Wednesday, October 31, 2012

It's Hell Not Having You Here



Happy Halloween.
I hate Halloween. I like scary movies and I like a little bit of fear every now and then, but not alone. Not alone. I miss you so much. They asked why I don't just make a move and I seriously couldn't even give an answer. I don't know why. I couldn't really say that I am afraid you don't like me, because I feel that you do. I can't say I'm afraid of rejection because I know you wouldn't. I have no idea of what I am afraid of. This holiday just reminds me that I have everything and nothing to be frightened of!
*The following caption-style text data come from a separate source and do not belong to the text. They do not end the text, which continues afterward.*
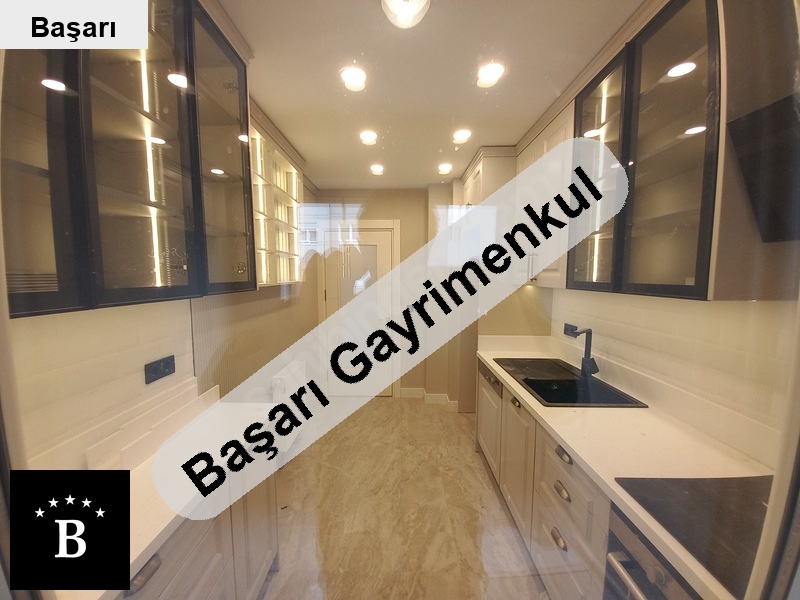 Başarı'dan erenköy'de 2018 yapı günlikli i̇ki kat kapalı otopark 3+1 130m2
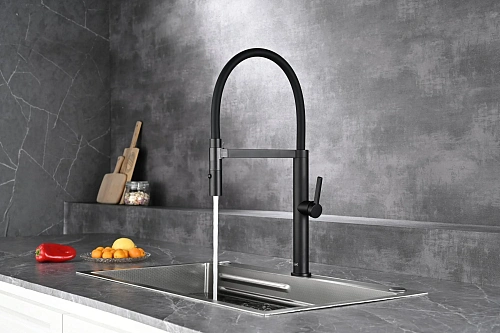 Смеситель для кухни AQUAme Cucina AQM9904MB с гибким изливом, черный матовый Смеситель для кухни AQUAme Cucina AQM9904MB с гибким изливом, черный матовый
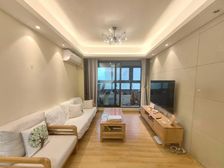 优质好房,送超大露台,精装修3房2卫,预约看房,价格可谈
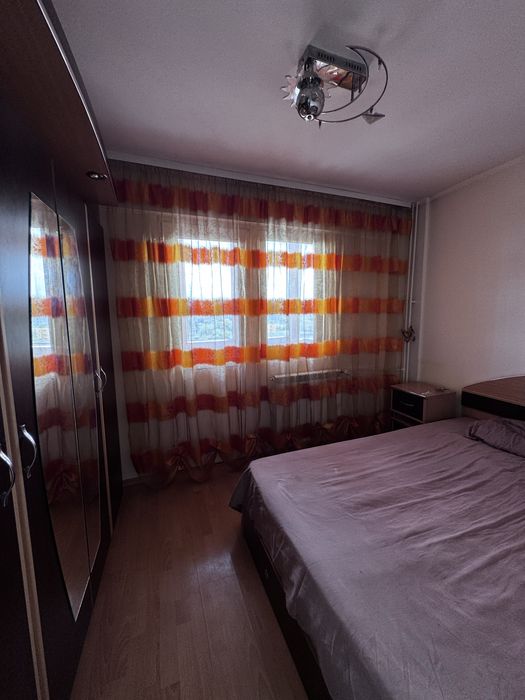 Proprietar inchiriez apartament 2 camere + PARCARE, Constantin Brancoveanu 118, sector 4,Bucuresti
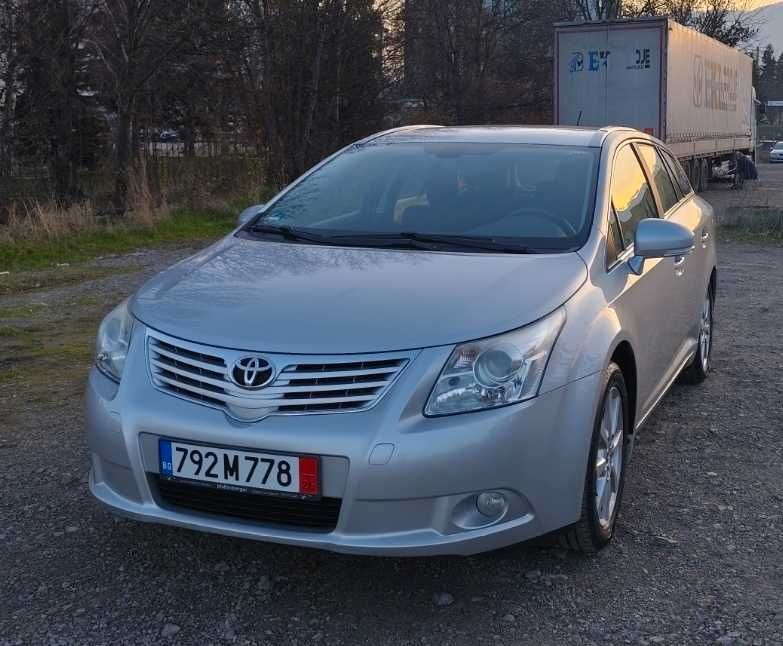 Тойота Авенсис/ Toyota Avensis 2010
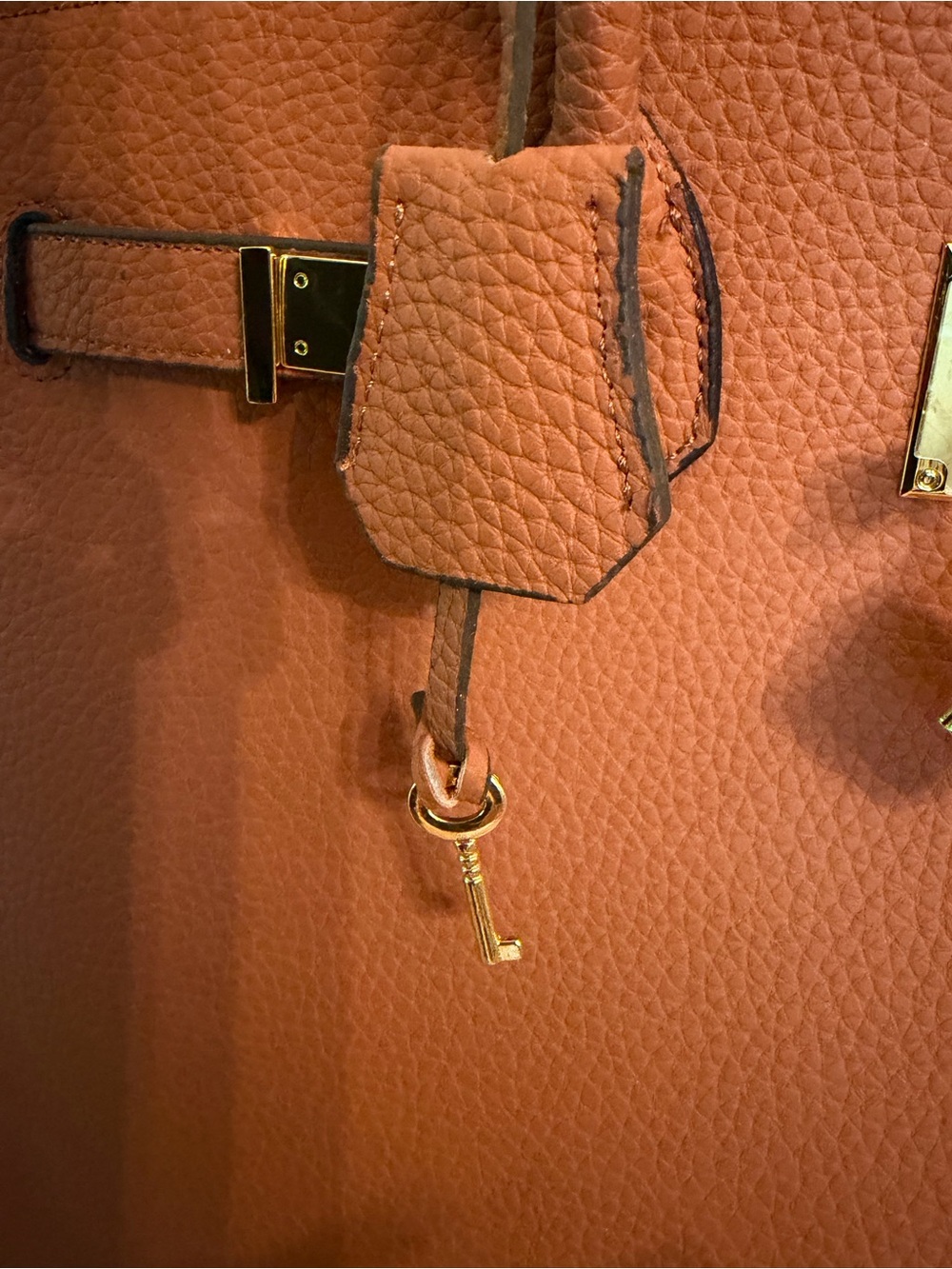 35cm Gold on Gold vegan Satchel with Gold Lock, key and clochette, Strap. - Picture 7 of 9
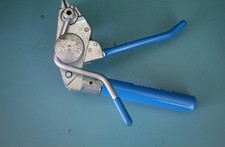 BAND-IT Bantam STRAPPING Tool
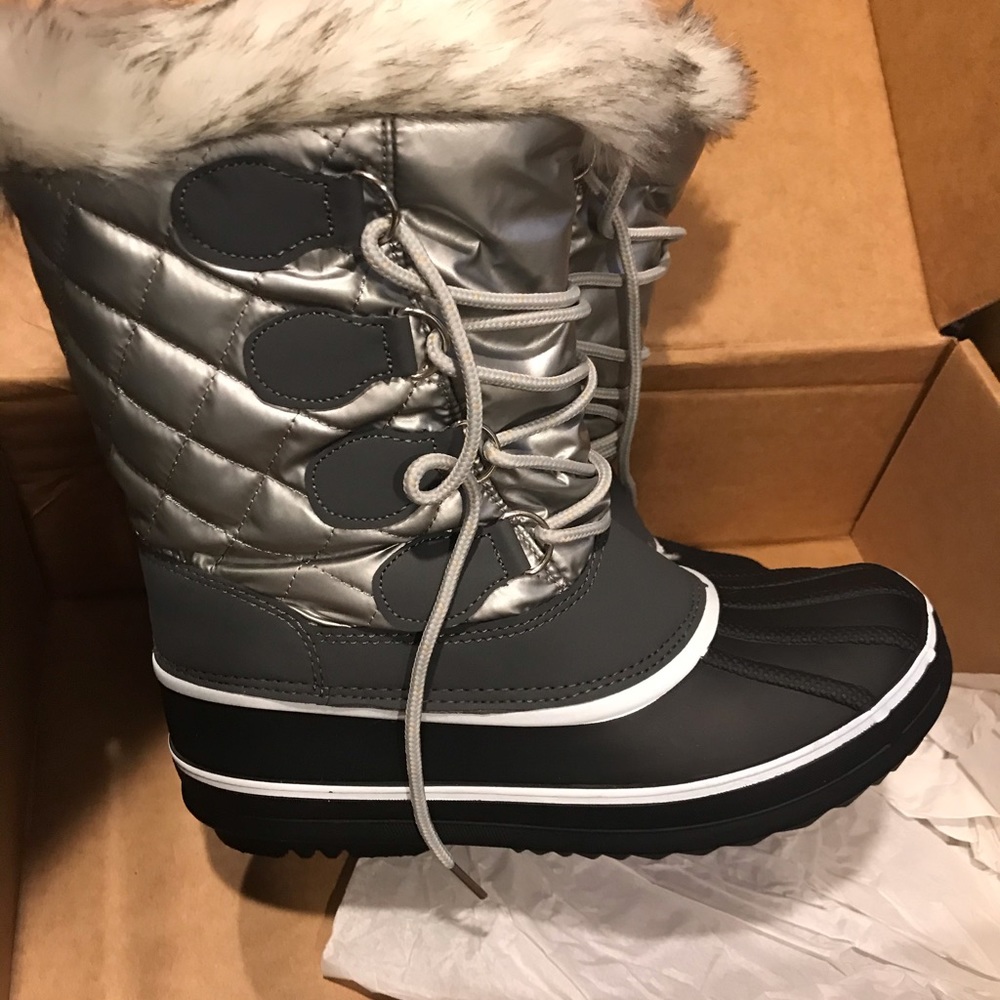 Woman’s snow boots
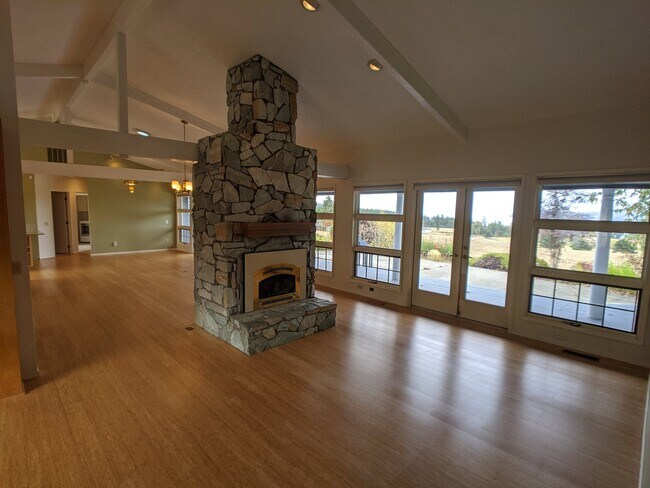 Building Photo - 3 bed 3 bath on 4.8 acres w/ beautiful wat...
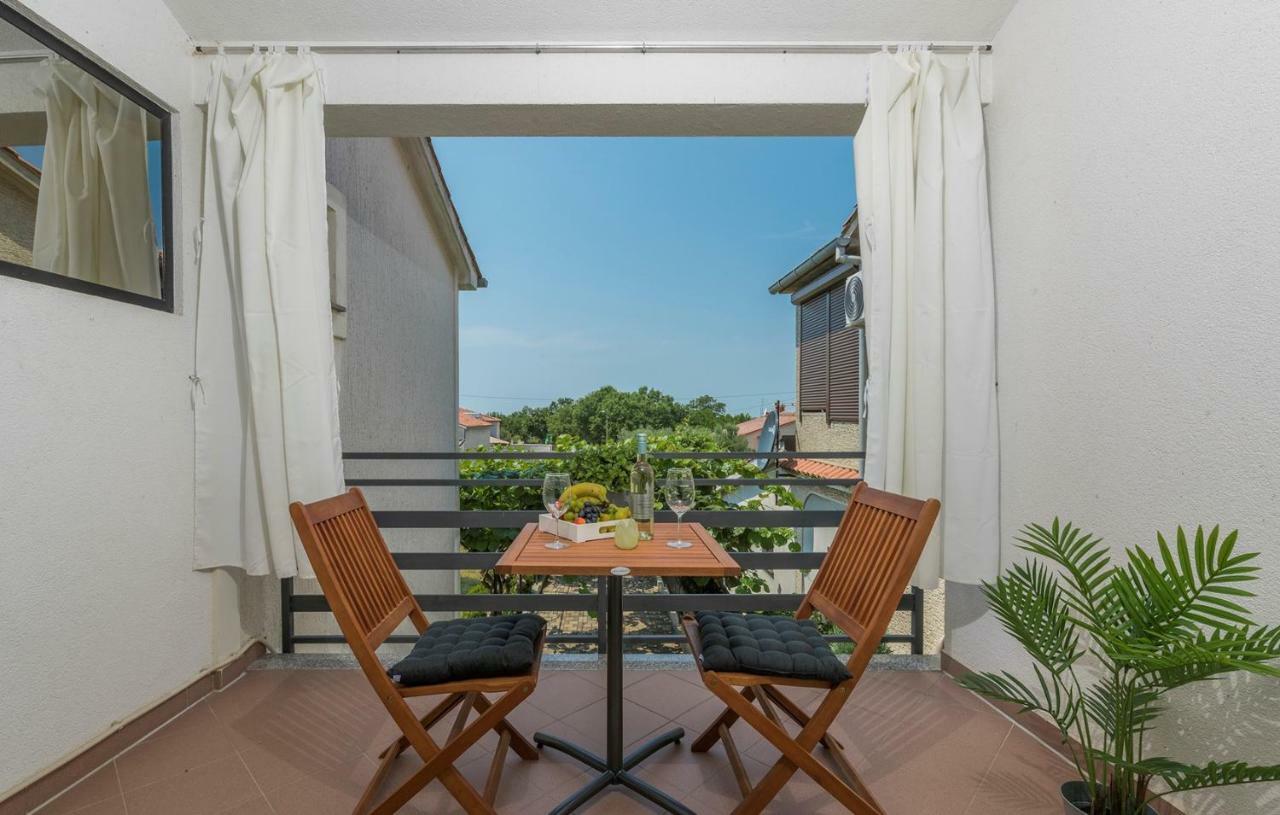 Apartment Green with Balcony Nova Vas  Buitenkant foto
I know for a fact that I love you more than a human can bear. I can't even explain to you how painful it would be to see you with someone else. Or to catch up with you in 10 years and find you happily married. How selfish of me. But it would absolutely shatter me, even if I have someone of my own. It's not a cute little lovey dovey feeling, it is a constant and ever-present love, a desire that dwells from my toes up to my eyes to be with you. It is an enduring heartache and stomachache whenever I fear the worst. If my love for you had to be heard, it would be a wail, an agonizing cry, a giggle, the happiest laugh. If it had to be seen, it would be a grin, a river of tears, and a grimace. If it had to be felt, it would be a burn by a flame constantly pressed against your chest, a knife blade repeatedly thrust at your wrist, and a warm, gentle caress from the most beautiful of arms.
It's hell not having you here, but I won't bring you down with me.